Il venerdì arrivò più in fretta di quanto pensassi; il tempo non era migliorato, anzi, con l'arrivo di ottobre sembrava esser peggiorato rispetto a quando ero tornata a casa. Quella mattina aveva iniziato a piovere alle cinque ed io mi ero svegliata proprio per quello ma poi non ero più riuscita a prendere sonno. Perciò, avevo deciso di lavare i capelli dato che non erano il massimo e prepararmi con calma; tanto avrei avuto tutto il tempo possibile. Ero addirittura riuscita a fare colazione senza dovermi abbuffare velocemente per il ritardo; avevo mangiato con calma, preparando una bella colazione che mia madre aveva subito considerato "sana e fresca".

Al contrario di ciò che avevo pensato, la professoressa di matematica non ci preparò alcun compito, ma iniziò a spiegare un nuovo argomento, mandandomi ancora più in confusione il cervello. Le lezioni erano volate, forse perché venerdì era il nostro ultimo giorno della settimana e avremmo avuto il weekend completamente libero. Per altri, invece, la giornata a scuola era durata più del solito proprio perché non vedevano l'ora che il weekend arrivasse. Io? Beh, per me sarebbe stata uguale come cosa, tanto prima sarei dovuta passare a casa Wade per fare ripetizioni di latino.

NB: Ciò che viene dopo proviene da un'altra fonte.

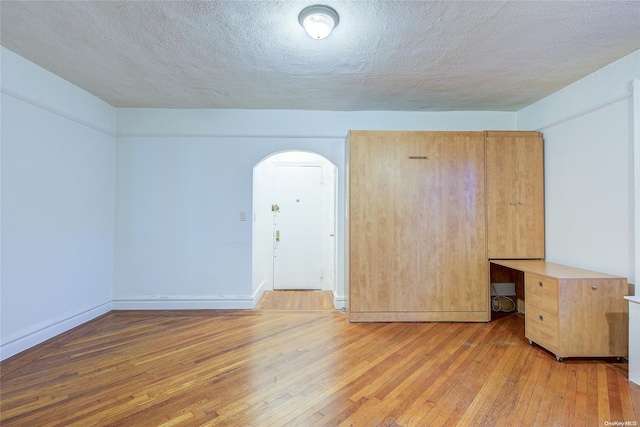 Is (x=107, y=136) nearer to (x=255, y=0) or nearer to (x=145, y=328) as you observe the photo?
(x=145, y=328)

"Sai che vorrò ogni dettaglio su ciò che farete vero? Di cosa parlerete, cosa mangerete?" mi disse Seth, mentre posavamo i vassoi del pranzo. Roteai gli occhi al cielo, tanto avevo già in programma che con Alex avrei parlato solo e soltanto di latino. E sì, non era il massimo delle conversazioni ma con lui non avrei voluto parlare più di tanto. Sarei stata un'ora, avrei cercato di spiegargli tutto nel modo più semplice possibile, e poi me ne sarei andata. Sperai soltanto che sua madre non avesse intenzione di farmi andare lì ogni settimana e per tutto l'anno; Alex avrebbe dovuto imparare a cavarsela da solo o almeno trovare qualcuno davvero bravo per dargli ripetizioni.

"Seth, sono solo delle lezioni di latino" replicai, scoccandogli un'occhiataccia.

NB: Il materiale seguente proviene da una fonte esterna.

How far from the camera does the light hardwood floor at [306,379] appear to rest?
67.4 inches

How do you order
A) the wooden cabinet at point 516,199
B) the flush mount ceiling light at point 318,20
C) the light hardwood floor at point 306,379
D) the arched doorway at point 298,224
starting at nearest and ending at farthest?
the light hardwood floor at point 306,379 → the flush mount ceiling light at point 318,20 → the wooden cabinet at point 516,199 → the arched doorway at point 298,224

"Sì, e tu vivi ancora nel mondo delle favole" ribatté, fermandosi davanti il suo armadietto. "Andiamo, Hayley, credi davvero che lui rimarrà tutto il pomeriggio concentrato su un libro? Lui? Alex? Non è mica Jeremy Stuart, quell'antipatico che fa biologia con me! Dovresti vederlo, mi urta il sistema nervoso ogni volta, lecca il culo ai professori come io leccavo i lecca-lecca da bambino!"

"Non ha senso questa frase" notai, "e comunque conosco Jeremy, andavo alle medie con lui ed era praticamente insopportabile, e lo è di più quando capiti al banco con lui per forza! Comunque so che Alex non è un santo, non c'è bisogno che me lo ricordi, dato che stamattina non ho visto soltanto lui nella sua stanza... di nuovo." Feci una smorfia di disgusto nel ricordare la ragazza coi capelli rossi tinti che avevo visto attraverso la mia finestra; scossi la testa per il disgusto.

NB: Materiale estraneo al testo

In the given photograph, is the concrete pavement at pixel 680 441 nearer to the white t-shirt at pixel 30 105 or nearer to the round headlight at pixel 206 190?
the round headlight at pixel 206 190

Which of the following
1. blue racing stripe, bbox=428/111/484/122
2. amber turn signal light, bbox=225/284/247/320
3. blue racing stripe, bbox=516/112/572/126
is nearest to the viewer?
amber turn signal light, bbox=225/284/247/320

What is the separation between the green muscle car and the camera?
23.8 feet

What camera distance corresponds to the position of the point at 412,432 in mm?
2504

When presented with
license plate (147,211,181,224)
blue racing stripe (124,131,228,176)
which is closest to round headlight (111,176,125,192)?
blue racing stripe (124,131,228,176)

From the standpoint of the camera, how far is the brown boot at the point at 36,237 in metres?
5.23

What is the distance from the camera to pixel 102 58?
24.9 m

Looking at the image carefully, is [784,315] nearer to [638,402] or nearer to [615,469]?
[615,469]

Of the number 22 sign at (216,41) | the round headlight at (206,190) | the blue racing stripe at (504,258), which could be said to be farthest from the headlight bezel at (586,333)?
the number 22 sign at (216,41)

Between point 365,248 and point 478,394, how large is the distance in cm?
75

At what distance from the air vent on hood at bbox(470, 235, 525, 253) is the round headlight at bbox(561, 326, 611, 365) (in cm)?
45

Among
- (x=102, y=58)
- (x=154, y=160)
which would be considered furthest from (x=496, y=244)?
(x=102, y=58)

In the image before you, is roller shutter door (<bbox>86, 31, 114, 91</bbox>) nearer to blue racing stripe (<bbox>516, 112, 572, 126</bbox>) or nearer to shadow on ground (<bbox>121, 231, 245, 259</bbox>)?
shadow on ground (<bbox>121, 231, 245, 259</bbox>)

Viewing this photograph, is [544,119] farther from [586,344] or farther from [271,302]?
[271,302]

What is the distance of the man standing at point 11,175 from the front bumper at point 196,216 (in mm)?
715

"Maegan è con Alvin" mi disse, cambiando discorso. "Io non- so che a lei potrebbe piacere ancora, va bene? Ma, andiamo, è Alvin Fields, non il cricetino che balla in televisione. E purtroppo lei non vuole capirlo. Non l'ho neanche chiamata, non la sento quasi mai ultimamente."

"Non dirlo a me; dovevo chiamarla giorni fa, ma non mi ha risposto al cellulare e la mattina fa sempre tardi, quindi non riesco sempre a beccarla, ti pare normale? Non sa neanche che dovrò andare da Alex questo pomeriggio, per farti capire come stiamo messe." Purtroppo era vero, non riuscivo mai a sentire Maegan e non perché non volevo; la maggior parte delle volte ero troppo bloccata con lo studio per potermi ricordare di scriverle, di chiederle di Alvin e di come stesse andando. La mattina non riuscivo mai a fermarla per poterci parlare seriamente, all'intervallo stavamo con persone diverse - cosa mai successa prima - e così anche a pranzo, ma lei arrivava tardi anche lì.

Seth scosse la testa e staccò le spalle dall'armadietto quando la campanellà suono.
"Abbiamo educazione fisica insieme o sbaglio?"

Scossi la testa. "No, non sbagli affatto."